Data supplied —
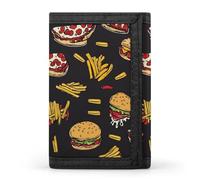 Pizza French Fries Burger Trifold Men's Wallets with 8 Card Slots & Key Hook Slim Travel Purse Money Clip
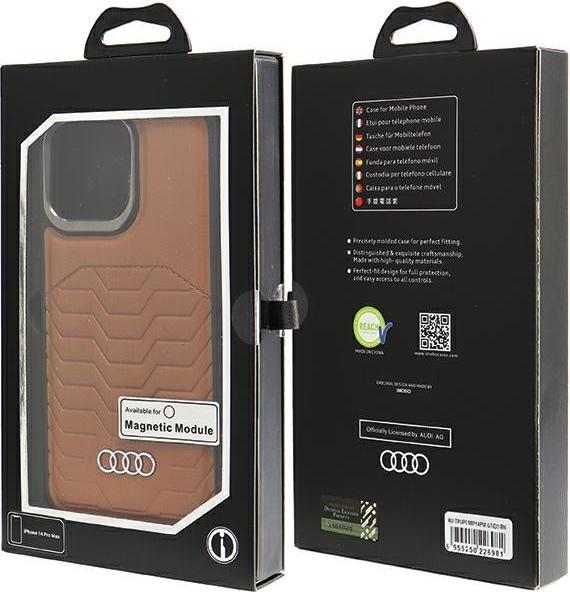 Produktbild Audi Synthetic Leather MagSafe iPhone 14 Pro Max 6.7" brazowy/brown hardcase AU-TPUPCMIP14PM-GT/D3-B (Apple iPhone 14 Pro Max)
...
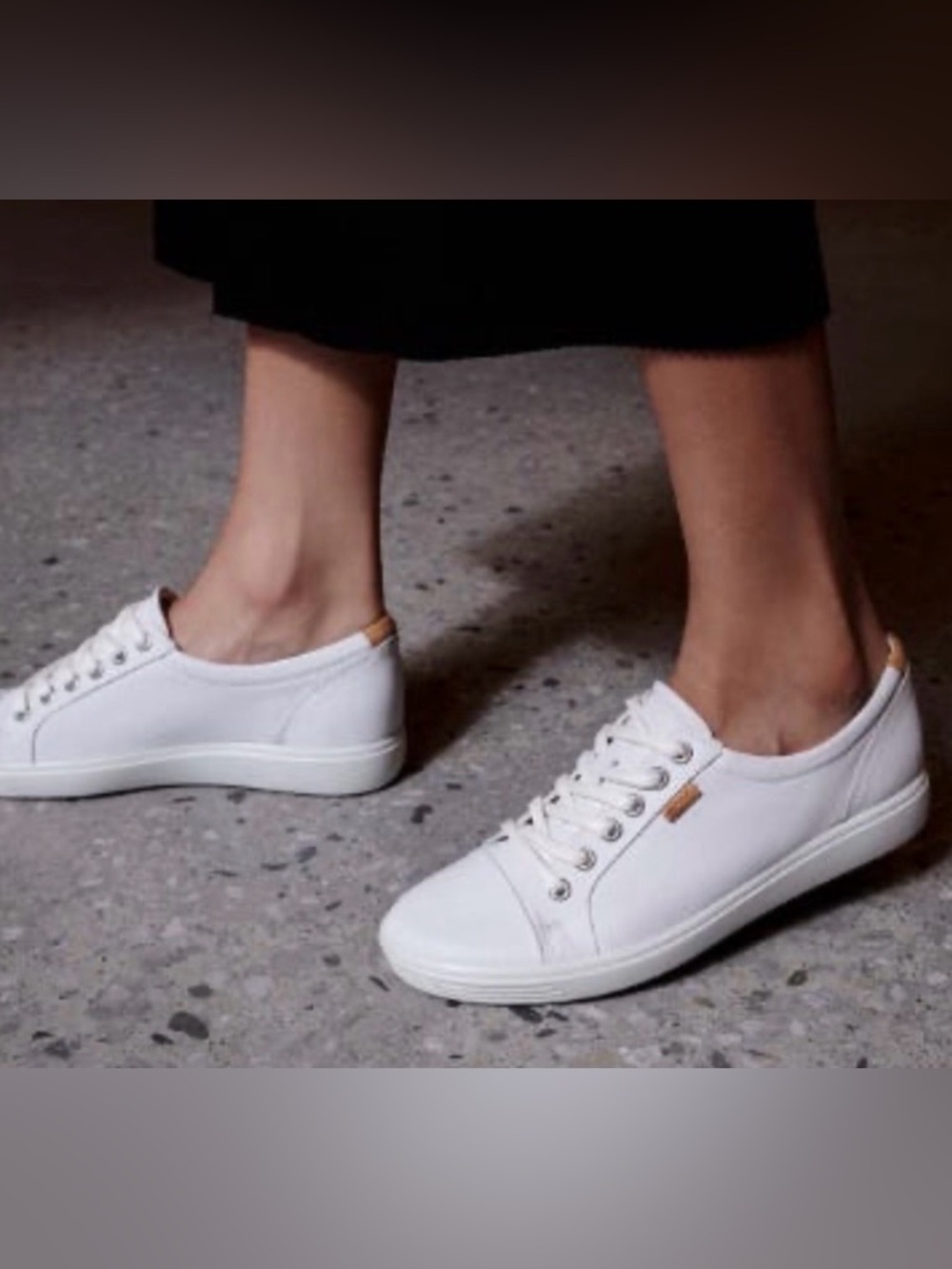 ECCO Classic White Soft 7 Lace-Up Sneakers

What is needed — The answer is the lines above from the one with "Pizza French Fries" to the one with "Produktbild Audi Synthetic", set down exactly, with no pictures.

Answer to this problem —
 Pizza French Fries Burger Trifold Men's Wallets with 8 Card Slots & Key Hook Slim Travel Purse Money Clip
 Produktbild Audi Synthetic Leather MagSafe iPhone 14 Pro Max 6.7" brazowy/brown hardcase AU-TPUPCMIP14PM-GT/D3-B (Apple iPhone 14 Pro Max)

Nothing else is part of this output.